The church’s mission is to bring the faith to the ends of the earth, he said, especially to these “extreme peripheries,” and to use the many means possible, including social networks, he said.

The pope’s remarks came in his message for World Mission Sunday, which will be celebrated Oct. 21. This year’s message, titled “Together with young people, let us bring the Gospel to all,” was dedicated to young people.

In the message, released at the Vatican May 19, Pope Francis said the upcoming Synod of Bishops in Rome in October, the month of the missions, will be devoted to young people, offering “an opportunity to understand more fully, in the light of faith, what the Lord Jesus wants to say to you young people, and, through you, to all Christian communities.”

Having the synod and month of missions coincide “will prove to be one more occasion to help us become missionary disciples, ever more passionately devoted to Jesus and his mission, to the ends of the earth,” he said.

“Every man and woman is a mission,” he said; it is the reason for why one is alive on this earth.

“To be attracted and to be sent are two movements that our hearts, especially when we are young, feel as interior forces of love; they hold out promise for our future, and they give direction to our lives,” Pope Francis said.

But it is still a great challenge to live out this responsibility for the world with joy, he added.

However, he urged young people, “do not be afraid of Christ and his church! For there we find the treasure that fills life with joy.”

Recalling his own experience, the pope said it was thanks to his faith that “I found the sure foundation of my dreams and the strength to realize them.”

Even though he has seen so much suffering and poverty, “for those who stand by Jesus, evil is an incentive to ever greater love,” the pope said.
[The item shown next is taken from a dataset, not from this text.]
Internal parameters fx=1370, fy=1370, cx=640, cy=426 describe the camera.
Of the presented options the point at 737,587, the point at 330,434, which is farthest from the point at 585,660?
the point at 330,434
He asked young people to “be set afire by the love of Christ” so they are “consumed by that fire” and grow in understanding by its light and warmed by its love. Never stop wondering, he said, “What would Christ do if he were in my place?”

When it comes to bringing the Gospel to the “ends of the earth,” today’s extreme peripheries are not just places that that have never heard of Jesus and experienced the sacramental presence of the church.
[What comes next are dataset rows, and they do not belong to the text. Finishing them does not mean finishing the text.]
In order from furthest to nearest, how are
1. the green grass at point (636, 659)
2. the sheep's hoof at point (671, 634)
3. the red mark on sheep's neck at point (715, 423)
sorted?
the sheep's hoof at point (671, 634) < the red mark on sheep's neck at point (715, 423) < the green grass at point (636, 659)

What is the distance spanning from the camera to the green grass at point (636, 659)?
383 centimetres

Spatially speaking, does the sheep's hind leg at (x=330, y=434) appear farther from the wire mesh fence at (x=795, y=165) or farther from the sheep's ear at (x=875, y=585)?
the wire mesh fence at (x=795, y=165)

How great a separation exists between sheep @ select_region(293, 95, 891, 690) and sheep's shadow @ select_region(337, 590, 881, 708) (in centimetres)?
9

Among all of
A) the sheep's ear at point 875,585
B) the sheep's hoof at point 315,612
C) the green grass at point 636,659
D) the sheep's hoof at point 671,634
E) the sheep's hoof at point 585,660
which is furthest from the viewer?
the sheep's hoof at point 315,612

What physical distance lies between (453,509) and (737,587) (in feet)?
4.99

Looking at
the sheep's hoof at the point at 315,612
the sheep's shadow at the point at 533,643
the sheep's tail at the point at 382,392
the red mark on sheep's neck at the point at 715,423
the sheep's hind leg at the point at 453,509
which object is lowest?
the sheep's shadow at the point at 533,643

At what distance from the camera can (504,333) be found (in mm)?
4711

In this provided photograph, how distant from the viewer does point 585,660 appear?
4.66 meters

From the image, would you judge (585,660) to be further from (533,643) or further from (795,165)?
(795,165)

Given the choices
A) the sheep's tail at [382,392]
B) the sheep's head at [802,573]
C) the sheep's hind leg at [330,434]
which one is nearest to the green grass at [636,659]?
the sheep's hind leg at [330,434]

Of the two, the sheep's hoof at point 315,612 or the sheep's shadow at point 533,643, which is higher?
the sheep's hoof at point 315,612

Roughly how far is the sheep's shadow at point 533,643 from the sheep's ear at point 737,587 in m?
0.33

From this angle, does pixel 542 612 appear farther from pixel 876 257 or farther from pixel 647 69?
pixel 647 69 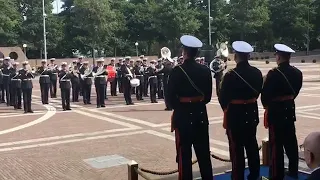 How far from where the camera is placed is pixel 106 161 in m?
7.72

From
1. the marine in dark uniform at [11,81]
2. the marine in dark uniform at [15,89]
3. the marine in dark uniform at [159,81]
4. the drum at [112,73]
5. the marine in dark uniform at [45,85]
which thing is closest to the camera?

“The most desolate periphery of all is where mankind, in need of Christ, remains indifferent to the faith or shows hatred for the fullness of life in God. All material and spiritual poverty, every form of discrimination against our brothers and sisters, is always a consequence of the rejection of God and his love,” he said.
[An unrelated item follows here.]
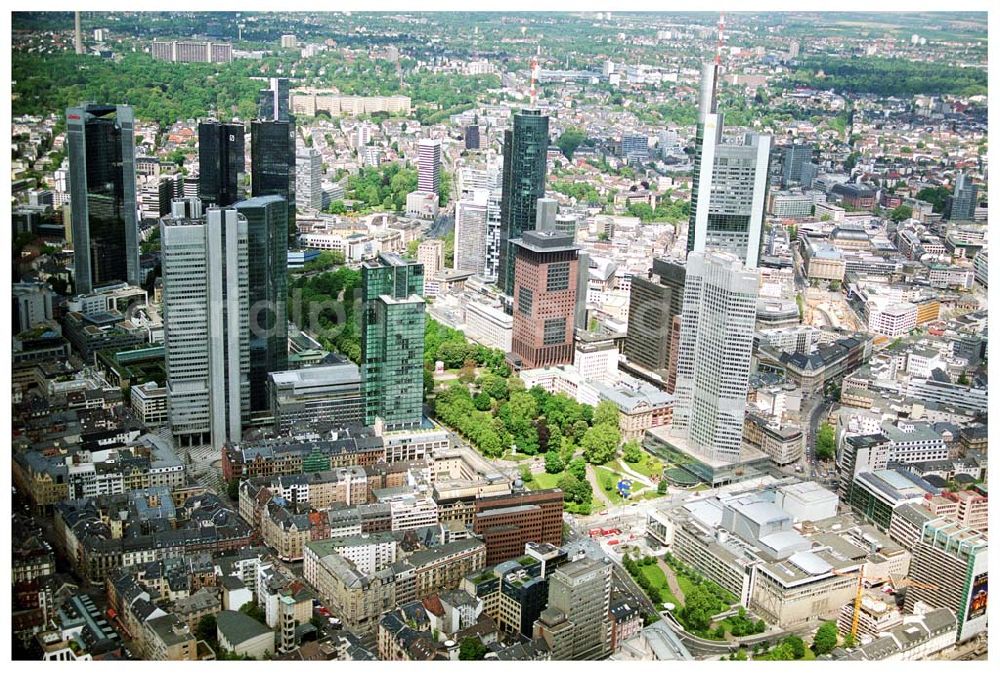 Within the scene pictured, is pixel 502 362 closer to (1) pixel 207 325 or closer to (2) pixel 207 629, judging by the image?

Many of these places are “easily navigable” today, he said. The digital world, with its social networks, “dissolves borders, eliminates distances and reduces differences.”

But even though everything appears within reach and immediate online, if it lacks “the sincere gift of our lives, we could well have countless contacts but never share in a true communion of life,” the pope said.

“To share in the mission to the ends of the earth demands the gift of oneself in the vocation that God, who has placed us on this earth, chooses to give us,” he said, which is why it is so important young people seek, discover and persevere in his or her vocation.